# 105 Text Files on Survival



## Expeditioner (Jan 6, 2009)

This link was posted on another site. Some of the articles I have already read. Looks promising for the ones that I have not read.

T E X T F I L E S


----------



## UncleJoe (Jan 11, 2009)

Looks like quite a bit of info but my eyes don't seem to work very well with that black background and green text. I read about halfway down the list and gave up. Everything started running together.


----------



## Expeditioner (Jan 6, 2009)

UncleJoe said:


> Looks like quite a bit of info but my eyes don't seem to work very well with that black background and green text. I read about halfway down the list and gave up. Everything started running together.


Probably why I have this splitting headache!!!!


----------



## UncleJoe (Jan 11, 2009)

I quite before it came to that point.


----------



## Lake Windsong (Nov 27, 2009)

*Great info!*

Once you click on the links, it goes back to the regular text on the screen. I just downloaded about 2/3 of these articles, they look like good information!
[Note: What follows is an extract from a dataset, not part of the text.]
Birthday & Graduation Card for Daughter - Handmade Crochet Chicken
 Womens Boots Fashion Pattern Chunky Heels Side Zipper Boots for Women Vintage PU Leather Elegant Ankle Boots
Thanks for passing it on, I plan on doing the same.


----------



## Expeditioner (Jan 6, 2009)

UncleJoe said:


> I quite before it came to that point.


You are a much wiser man than I :hmmm:


----------



## Wolf1066 (Jan 1, 2010)

I just scrolled down to the bottom and located the link that enabled me to download a zip archive of all the files - I couldn't be bothered putting up with the green on black for any longer than it took me to locate the archive and copy it...

Cheers for the link Expeditioner


----------



## CVFD_Madman (Dec 31, 2009)

Yeah, thanks Expeditioner...good stuff.

Also, thanks wolf1066 for pointing out the zip link. I did not catch that on my first look.


----------



## *Andi (Nov 8, 2009)

WOW ... Thanks Expeditioner!:2thumb:


----------



## Al-Thi'b (Jan 6, 2010)

Some of those worth saving especially the jungle related.


----------



## Salekdarling (Aug 15, 2010)

Whoa. I appreciate all of the information Expeditioner! :beercheer:


----------



## dc300a (Apr 4, 2011)

I just spent entirely toom uch time reding those when I should be doing other things  ... good read thought and worth bookmarking for later. Thanks!


----------



## woodsong (Sep 4, 2011)

UncleJoe said:


> Looks like quite a bit of info but my eyes don't seem to work very well with that black background and green text. I read about halfway down the list and gave up. Everything started running together.


Was like reading and old-school 3270 green screen.


----------



## gabbysdadmark (Jan 15, 2012)

*Thank you*

Thank you for the information. Lots of good stuff there. :2thumb:


----------



## d_saum (Jan 17, 2012)

Agreed.. lots of good stuff!  Thanks!


----------